Being a Landlord is Hard Work
We’ve all had the unfortunate luck to be paired with a landlord who simply didn’t care about upkeep. Even if you are purchasing a new home, you need to ask yourself if you have the time to be a landlord, because it’s kind of a part-time job. If you’re not the type who likes getting their hands dirty and performing repairs, maybe this isn’t for you. Sure you can hire someone to handle all repairs and problems, but that will take a chunk out of your profits.
Don’t Invest With Debt
If you’re a first time investor, you probably shouldn’t begin if you have any outstanding debts, from student loans or dentist bills, to credit card bills and car loans.
The Down Payment Will Be Larger
If you are simply an owner-occupier, your down payment would likely be much smaller. However, if it’s an investment property, the down payment could be up to 20% of the cost of the property.
So Will the Interest Rates
Interest rates on loans for investment properties tend to be much higher than if you were buying the house to live in. Do your calculations correctly so that your mortgage payment is low enough and doesn’t eat into your monthly profits.
Choose Property Wisely
A first time property investor should be looking at newer, affordable entry level homes. Ideally, you’d want to find a 3 or 4 bedroom home with well thought out living areas that provide functionality for everyday living. These are the homes that would be most appealing to renters including new, small families or young professionals. A low cost home means lower operating expenses and hopefully bigger profits.
View our GenOne Collection for examples of the perfect first time property investor homes.

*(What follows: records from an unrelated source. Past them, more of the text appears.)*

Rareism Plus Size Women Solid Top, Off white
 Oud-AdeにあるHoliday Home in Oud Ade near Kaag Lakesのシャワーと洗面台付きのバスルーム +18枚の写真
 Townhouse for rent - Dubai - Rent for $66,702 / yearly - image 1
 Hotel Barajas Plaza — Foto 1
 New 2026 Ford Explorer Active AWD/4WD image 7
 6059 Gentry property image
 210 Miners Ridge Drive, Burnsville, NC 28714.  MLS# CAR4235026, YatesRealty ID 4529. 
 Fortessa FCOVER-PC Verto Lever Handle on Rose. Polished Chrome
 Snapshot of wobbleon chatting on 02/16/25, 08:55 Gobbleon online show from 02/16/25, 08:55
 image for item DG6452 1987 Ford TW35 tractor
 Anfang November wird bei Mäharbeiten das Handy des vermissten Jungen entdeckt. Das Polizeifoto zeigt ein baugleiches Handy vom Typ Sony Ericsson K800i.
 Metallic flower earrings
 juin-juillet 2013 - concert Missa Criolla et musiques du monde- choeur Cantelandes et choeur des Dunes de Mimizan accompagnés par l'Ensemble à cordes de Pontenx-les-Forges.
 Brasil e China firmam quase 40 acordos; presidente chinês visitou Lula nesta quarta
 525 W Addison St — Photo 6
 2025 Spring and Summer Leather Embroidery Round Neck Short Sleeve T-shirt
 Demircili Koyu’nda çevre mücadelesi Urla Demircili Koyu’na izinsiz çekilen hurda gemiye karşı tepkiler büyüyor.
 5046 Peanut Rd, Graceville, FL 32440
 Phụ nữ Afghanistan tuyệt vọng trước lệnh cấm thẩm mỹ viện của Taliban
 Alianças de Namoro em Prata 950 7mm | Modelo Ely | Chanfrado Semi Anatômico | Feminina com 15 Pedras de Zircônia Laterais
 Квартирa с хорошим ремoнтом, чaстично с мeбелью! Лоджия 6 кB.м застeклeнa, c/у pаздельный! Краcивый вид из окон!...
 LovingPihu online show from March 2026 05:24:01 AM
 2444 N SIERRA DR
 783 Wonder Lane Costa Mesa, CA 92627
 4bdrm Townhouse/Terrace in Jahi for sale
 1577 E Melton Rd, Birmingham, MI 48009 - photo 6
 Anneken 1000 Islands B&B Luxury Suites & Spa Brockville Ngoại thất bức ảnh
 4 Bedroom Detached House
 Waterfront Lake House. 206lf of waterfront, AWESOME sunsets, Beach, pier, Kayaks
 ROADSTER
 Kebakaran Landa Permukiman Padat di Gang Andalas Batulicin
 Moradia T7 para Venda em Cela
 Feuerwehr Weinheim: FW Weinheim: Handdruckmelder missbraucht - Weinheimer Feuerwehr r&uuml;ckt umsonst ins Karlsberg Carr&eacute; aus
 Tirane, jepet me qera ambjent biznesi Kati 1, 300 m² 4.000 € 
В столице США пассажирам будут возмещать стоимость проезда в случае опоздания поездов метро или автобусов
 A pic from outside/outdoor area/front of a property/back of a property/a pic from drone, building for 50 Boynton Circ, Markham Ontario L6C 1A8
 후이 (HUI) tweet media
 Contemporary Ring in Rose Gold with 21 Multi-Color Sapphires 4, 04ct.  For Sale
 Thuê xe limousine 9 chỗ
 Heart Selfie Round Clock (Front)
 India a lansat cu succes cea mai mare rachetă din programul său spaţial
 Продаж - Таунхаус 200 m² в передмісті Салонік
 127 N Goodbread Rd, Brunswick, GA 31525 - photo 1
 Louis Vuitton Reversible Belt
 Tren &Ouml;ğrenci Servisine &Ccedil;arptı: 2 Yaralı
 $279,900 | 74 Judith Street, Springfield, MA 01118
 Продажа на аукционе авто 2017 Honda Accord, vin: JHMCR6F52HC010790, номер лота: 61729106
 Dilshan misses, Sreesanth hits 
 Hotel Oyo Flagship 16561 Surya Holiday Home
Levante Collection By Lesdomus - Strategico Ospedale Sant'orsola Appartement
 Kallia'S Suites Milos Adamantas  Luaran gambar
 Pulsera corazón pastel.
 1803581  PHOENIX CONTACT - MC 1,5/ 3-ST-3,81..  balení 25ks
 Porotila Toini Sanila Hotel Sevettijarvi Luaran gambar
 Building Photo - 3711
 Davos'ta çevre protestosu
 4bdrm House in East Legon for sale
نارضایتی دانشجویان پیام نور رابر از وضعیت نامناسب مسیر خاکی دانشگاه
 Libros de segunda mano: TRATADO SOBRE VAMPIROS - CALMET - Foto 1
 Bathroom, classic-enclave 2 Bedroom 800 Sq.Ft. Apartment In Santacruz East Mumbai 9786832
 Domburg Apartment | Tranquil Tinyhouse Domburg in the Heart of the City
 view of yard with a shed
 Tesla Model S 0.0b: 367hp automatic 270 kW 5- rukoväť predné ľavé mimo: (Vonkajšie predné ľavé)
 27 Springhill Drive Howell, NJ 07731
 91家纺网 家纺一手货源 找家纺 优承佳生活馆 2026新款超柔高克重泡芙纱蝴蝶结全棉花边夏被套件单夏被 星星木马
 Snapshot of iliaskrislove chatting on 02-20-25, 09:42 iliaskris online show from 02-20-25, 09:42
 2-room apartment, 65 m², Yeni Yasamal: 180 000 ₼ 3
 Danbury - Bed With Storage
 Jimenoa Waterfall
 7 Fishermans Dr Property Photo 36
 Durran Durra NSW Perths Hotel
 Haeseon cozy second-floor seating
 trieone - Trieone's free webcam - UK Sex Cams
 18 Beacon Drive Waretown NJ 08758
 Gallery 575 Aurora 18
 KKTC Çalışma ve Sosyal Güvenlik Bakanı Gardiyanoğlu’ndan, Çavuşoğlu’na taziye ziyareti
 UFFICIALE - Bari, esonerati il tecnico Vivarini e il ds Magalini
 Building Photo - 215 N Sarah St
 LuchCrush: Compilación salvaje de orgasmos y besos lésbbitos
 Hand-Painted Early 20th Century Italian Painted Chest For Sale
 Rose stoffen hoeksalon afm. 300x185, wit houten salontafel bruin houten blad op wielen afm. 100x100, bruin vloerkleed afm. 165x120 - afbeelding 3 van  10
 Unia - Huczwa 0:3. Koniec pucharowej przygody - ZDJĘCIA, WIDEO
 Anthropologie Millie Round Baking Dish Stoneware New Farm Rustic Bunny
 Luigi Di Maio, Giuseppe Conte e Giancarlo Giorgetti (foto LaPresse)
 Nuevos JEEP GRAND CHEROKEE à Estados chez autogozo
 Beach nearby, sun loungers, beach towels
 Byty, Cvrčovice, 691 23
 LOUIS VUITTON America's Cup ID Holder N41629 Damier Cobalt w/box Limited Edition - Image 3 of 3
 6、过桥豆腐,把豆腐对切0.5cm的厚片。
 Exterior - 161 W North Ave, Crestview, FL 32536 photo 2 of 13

Calculate Operating Expenses
Understand that your operating expenses will be between 35% and 80% of your gross operating income. You usually end up paying 50% of the rent you charge in total expenses. You’ll need to consider if these profit margins are worth it, especially if you’re paying off a mortgage, as well.
Location is Important
Make sure to research the location where you plan to buy, as well as your target renters. If you’re looking for families, then choose a location that’s next to school districts and parks. If you want young professionals, then inner suburbs with public transport into the city or areas with a growing job market should be on your list.